PROBLEM
Produce a faithful copy of every record below, without the pictures.

INPUT
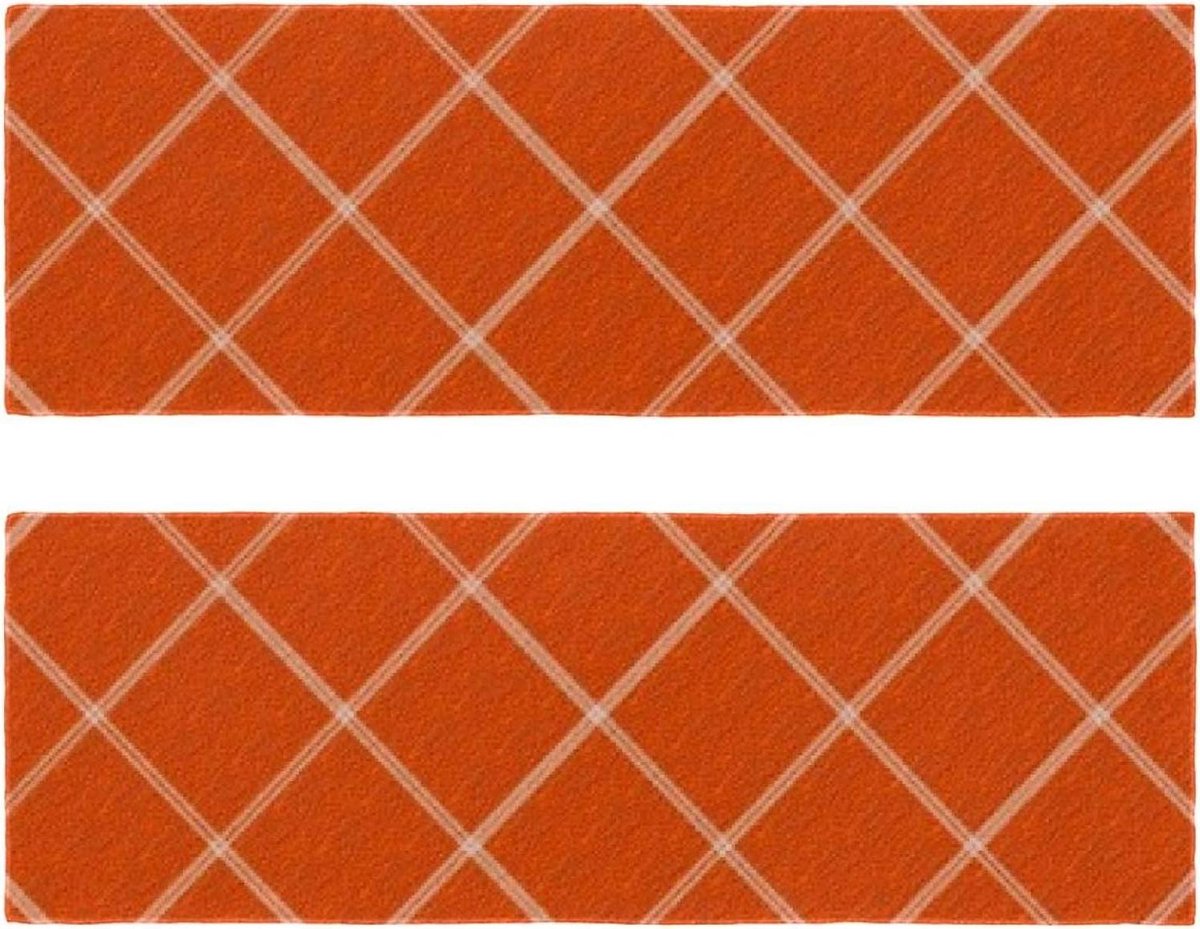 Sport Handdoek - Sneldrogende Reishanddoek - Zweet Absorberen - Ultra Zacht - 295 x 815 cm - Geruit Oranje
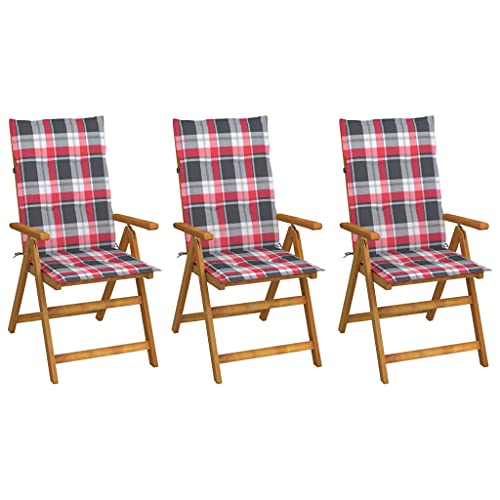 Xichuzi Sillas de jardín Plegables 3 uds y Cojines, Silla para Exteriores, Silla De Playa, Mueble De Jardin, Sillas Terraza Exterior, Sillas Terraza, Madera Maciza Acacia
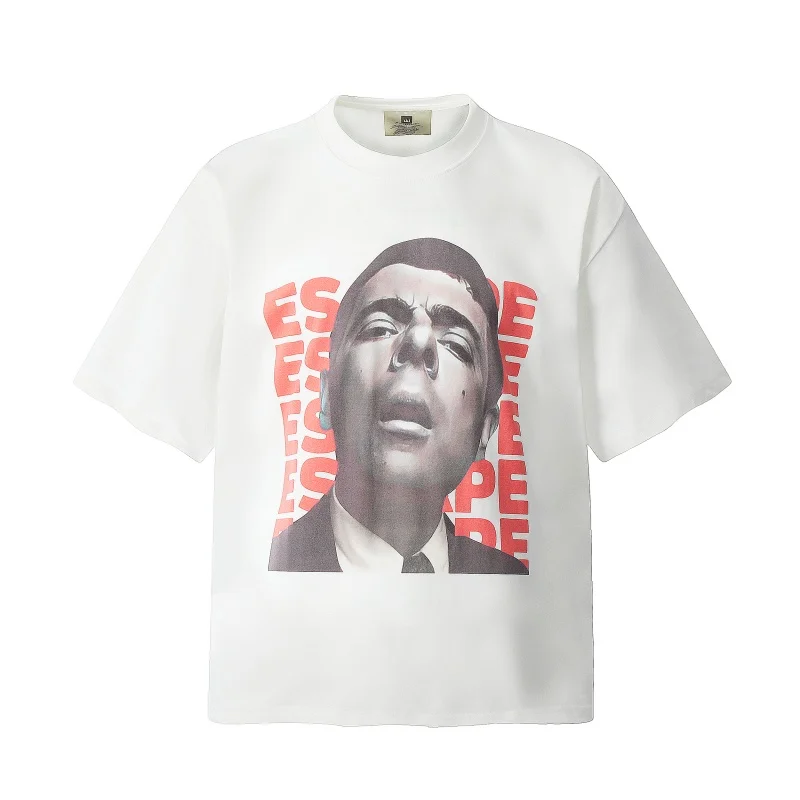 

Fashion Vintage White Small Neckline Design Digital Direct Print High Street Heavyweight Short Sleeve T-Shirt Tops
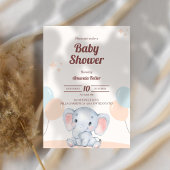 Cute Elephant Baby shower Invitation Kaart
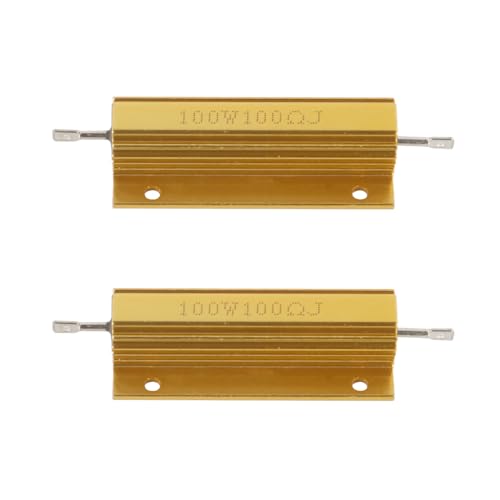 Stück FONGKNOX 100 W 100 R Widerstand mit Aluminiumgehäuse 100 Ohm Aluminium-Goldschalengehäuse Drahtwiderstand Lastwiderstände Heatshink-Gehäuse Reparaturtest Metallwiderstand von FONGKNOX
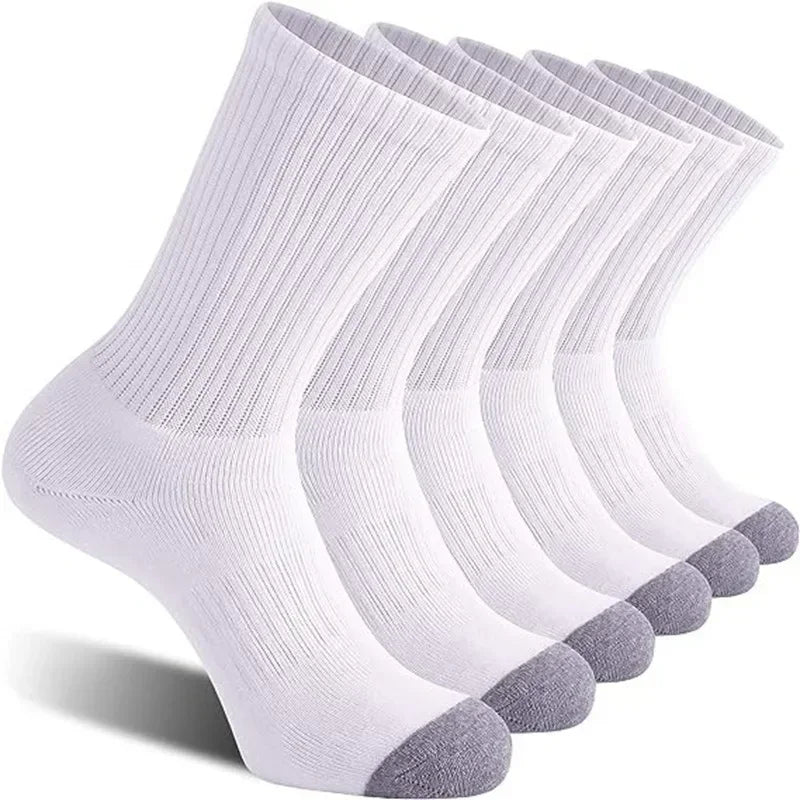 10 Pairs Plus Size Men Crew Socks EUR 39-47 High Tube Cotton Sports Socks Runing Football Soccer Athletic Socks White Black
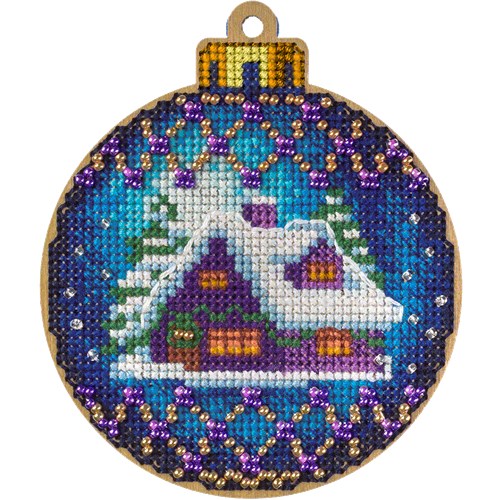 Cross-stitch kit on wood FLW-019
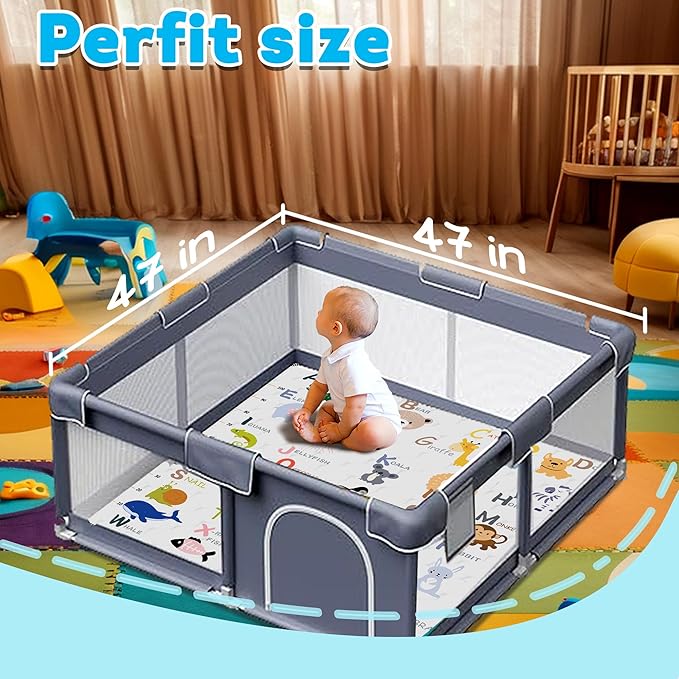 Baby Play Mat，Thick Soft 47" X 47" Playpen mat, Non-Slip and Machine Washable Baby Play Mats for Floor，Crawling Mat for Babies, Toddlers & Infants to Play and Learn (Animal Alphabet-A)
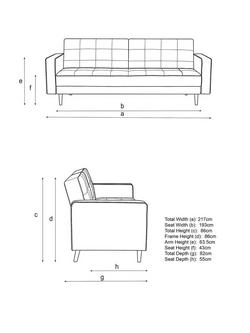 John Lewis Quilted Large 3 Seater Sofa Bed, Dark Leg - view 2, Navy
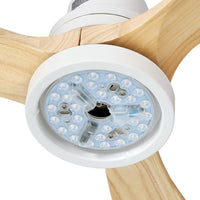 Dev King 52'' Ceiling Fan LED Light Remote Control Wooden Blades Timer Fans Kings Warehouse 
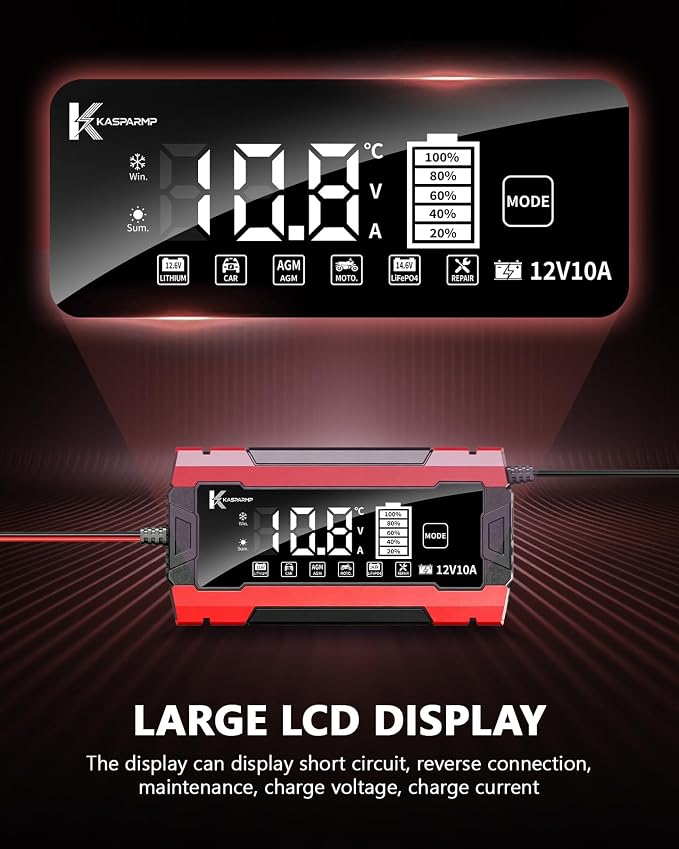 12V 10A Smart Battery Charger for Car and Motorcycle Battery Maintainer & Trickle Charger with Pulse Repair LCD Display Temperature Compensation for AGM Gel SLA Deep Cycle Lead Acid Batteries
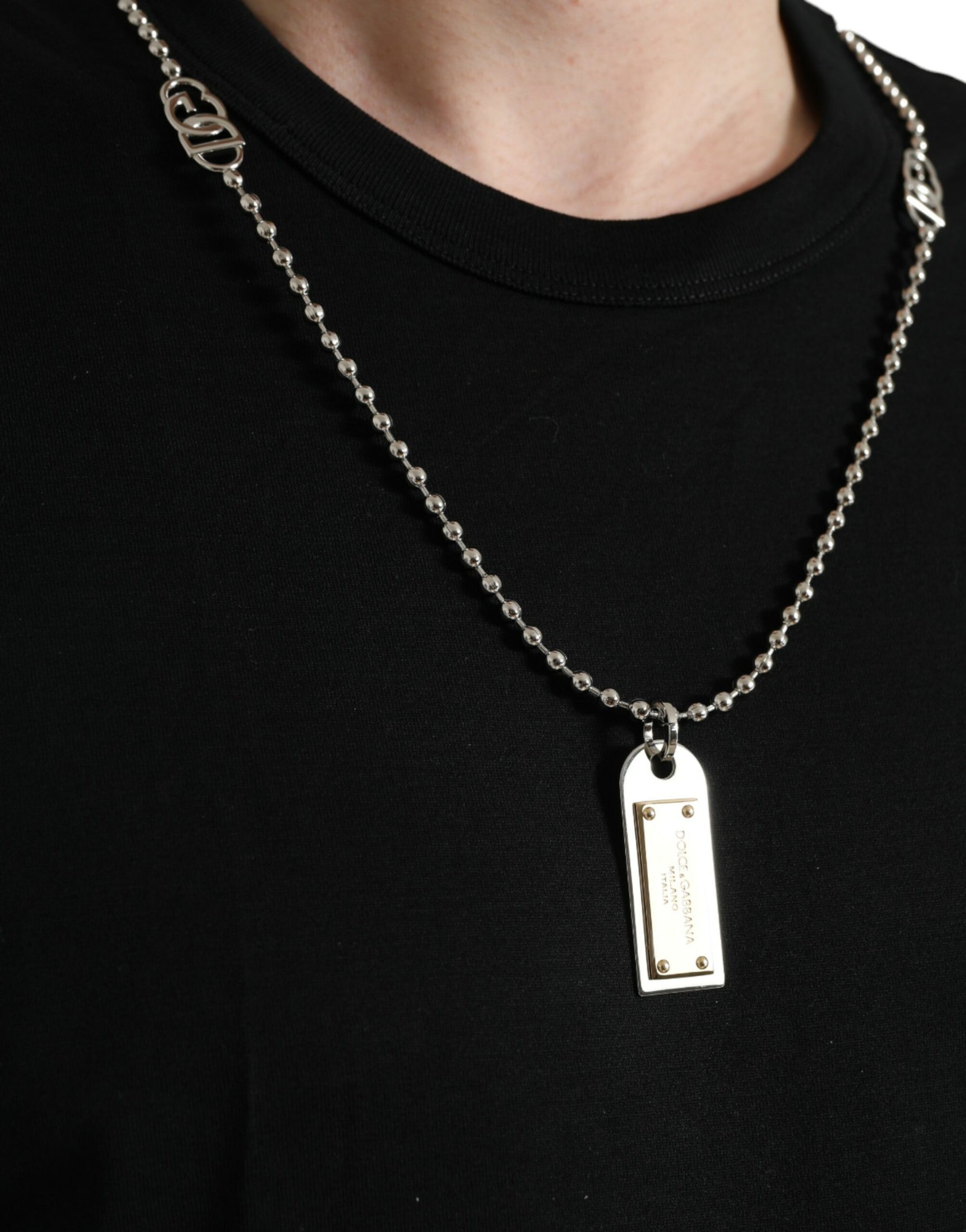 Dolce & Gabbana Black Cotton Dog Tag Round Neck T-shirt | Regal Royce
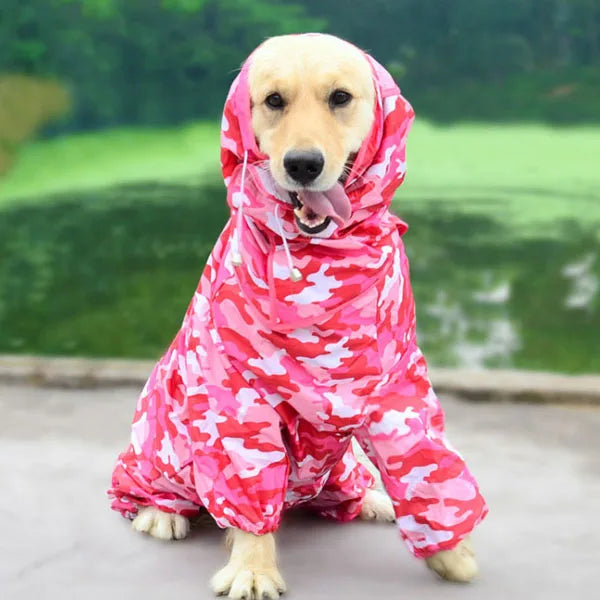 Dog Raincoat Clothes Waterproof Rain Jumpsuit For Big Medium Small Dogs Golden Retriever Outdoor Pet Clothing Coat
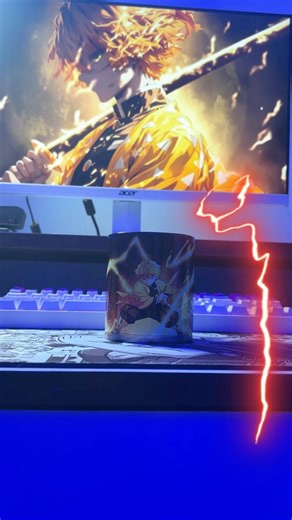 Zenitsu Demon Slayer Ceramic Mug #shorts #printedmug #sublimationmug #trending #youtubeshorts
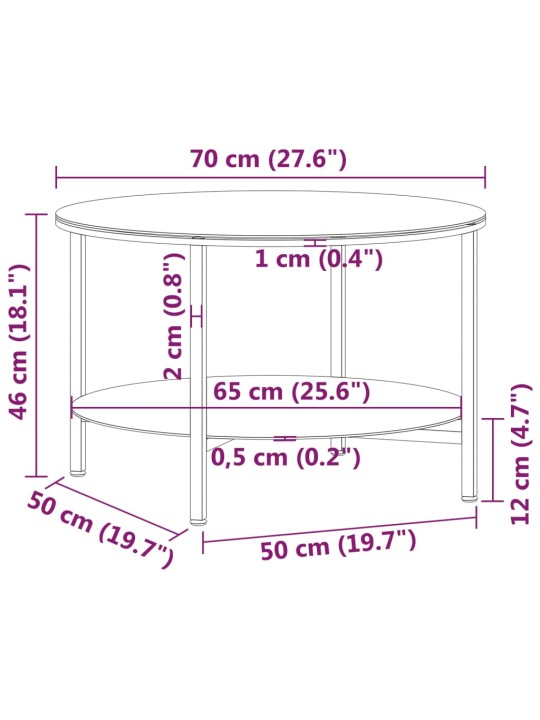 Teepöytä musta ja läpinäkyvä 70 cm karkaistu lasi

FINISHED TASK
 Sport Handdoek - Sneldrogende Reishanddoek - Zweet Absorberen - Ultra Zacht - 295 x 815 cm - Geruit Oranje
 Xichuzi Sillas de jardín Plegables 3 uds y Cojines, Silla para Exteriores, Silla De Playa, Mueble De Jardin, Sillas Terraza Exterior, Sillas Terraza, Madera Maciza Acacia

Fashion Vintage White Small Neckline Design Digital Direct Print High Street Heavyweight Short Sleeve T-Shirt Tops
 Cute Elephant Baby shower Invitation Kaart
 Stück FONGKNOX 100 W 100 R Widerstand mit Aluminiumgehäuse 100 Ohm Aluminium-Goldschalengehäuse Drahtwiderstand Lastwiderstände Heatshink-Gehäuse Reparaturtest Metallwiderstand von FONGKNOX
 10 Pairs Plus Size Men Crew Socks EUR 39-47 High Tube Cotton Sports Socks Runing Football Soccer Athletic Socks White Black
 Cross-stitch kit on wood FLW-019
 Baby Play Mat，Thick Soft 47" X 47" Playpen mat, Non-Slip and Machine Washable Baby Play Mats for Floor，Crawling Mat for Babies, Toddlers & Infants to Play and Learn (Animal Alphabet-A)
 John Lewis Quilted Large 3 Seater Sofa Bed, Dark Leg - view 2, Navy
 Dev King 52'' Ceiling Fan LED Light Remote Control Wooden Blades Timer Fans Kings Warehouse 
 12V 10A Smart Battery Charger for Car and Motorcycle Battery Maintainer & Trickle Charger with Pulse Repair LCD Display Temperature Compensation for AGM Gel SLA Deep Cycle Lead Acid Batteries
 Dolce & Gabbana Black Cotton Dog Tag Round Neck T-shirt | Regal Royce
 Dog Raincoat Clothes Waterproof Rain Jumpsuit For Big Medium Small Dogs Golden Retriever Outdoor Pet Clothing Coat
 Zenitsu Demon Slayer Ceramic Mug #shorts #printedmug #sublimationmug #trending #youtubeshorts
 Teepöytä musta ja läpinäkyvä 70 cm karkaistu lasi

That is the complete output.